**THE DATA:**
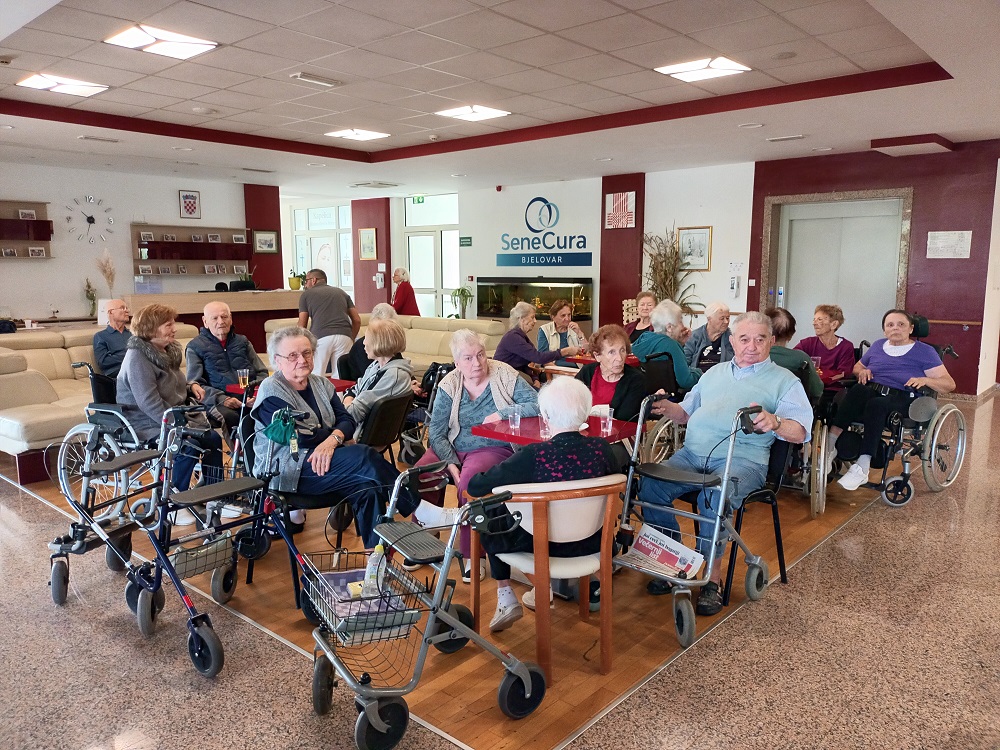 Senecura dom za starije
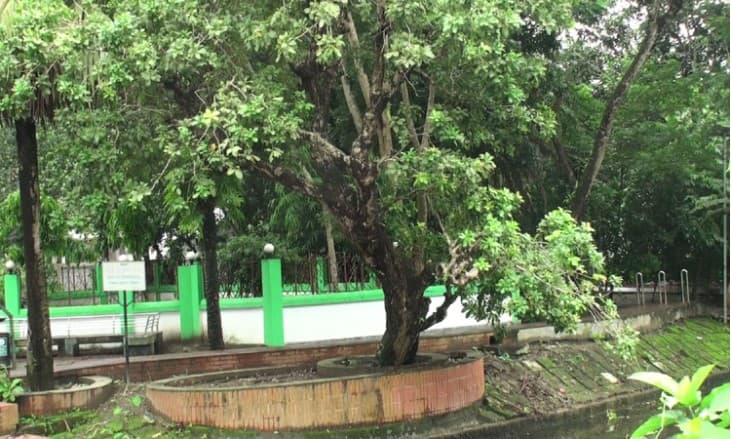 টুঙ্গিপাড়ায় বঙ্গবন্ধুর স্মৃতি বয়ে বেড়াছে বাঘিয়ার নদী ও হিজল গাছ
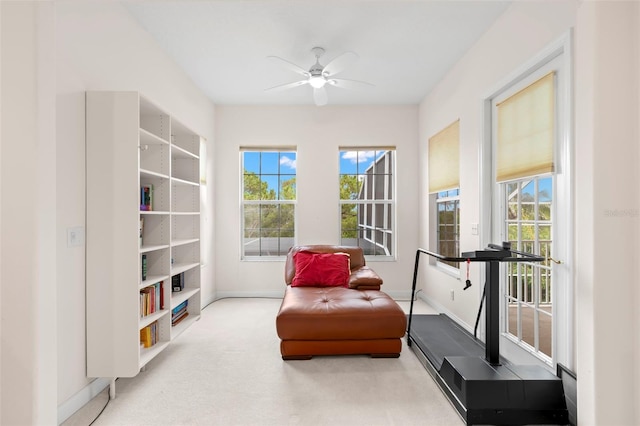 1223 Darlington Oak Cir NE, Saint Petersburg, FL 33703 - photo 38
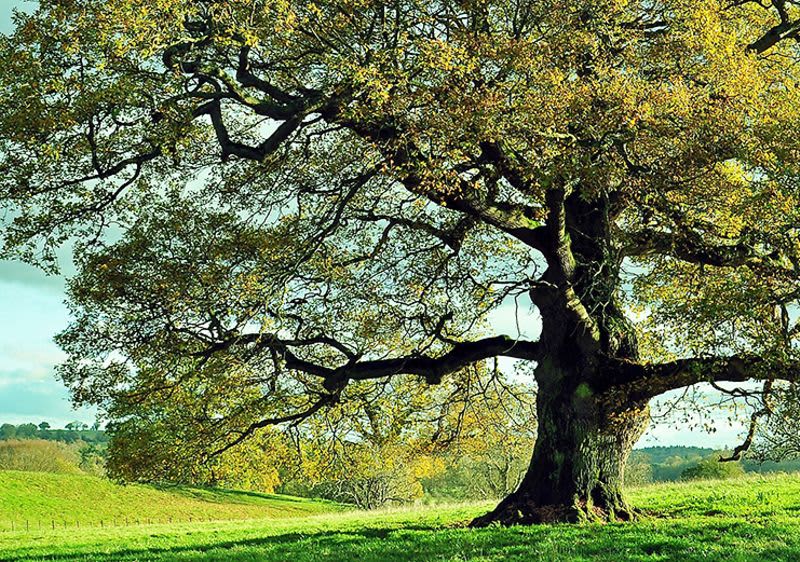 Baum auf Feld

**HOW TO COMPLETE THIS TASK:** Every line from the one with "1223 Darlington Oak" through the last line of the material gets printed exactly, and nothing more. Omit the pictures.

**TASK OUTPUT:**
 1223 Darlington Oak Cir NE, Saint Petersburg, FL 33703 - photo 38
 Baum auf Feld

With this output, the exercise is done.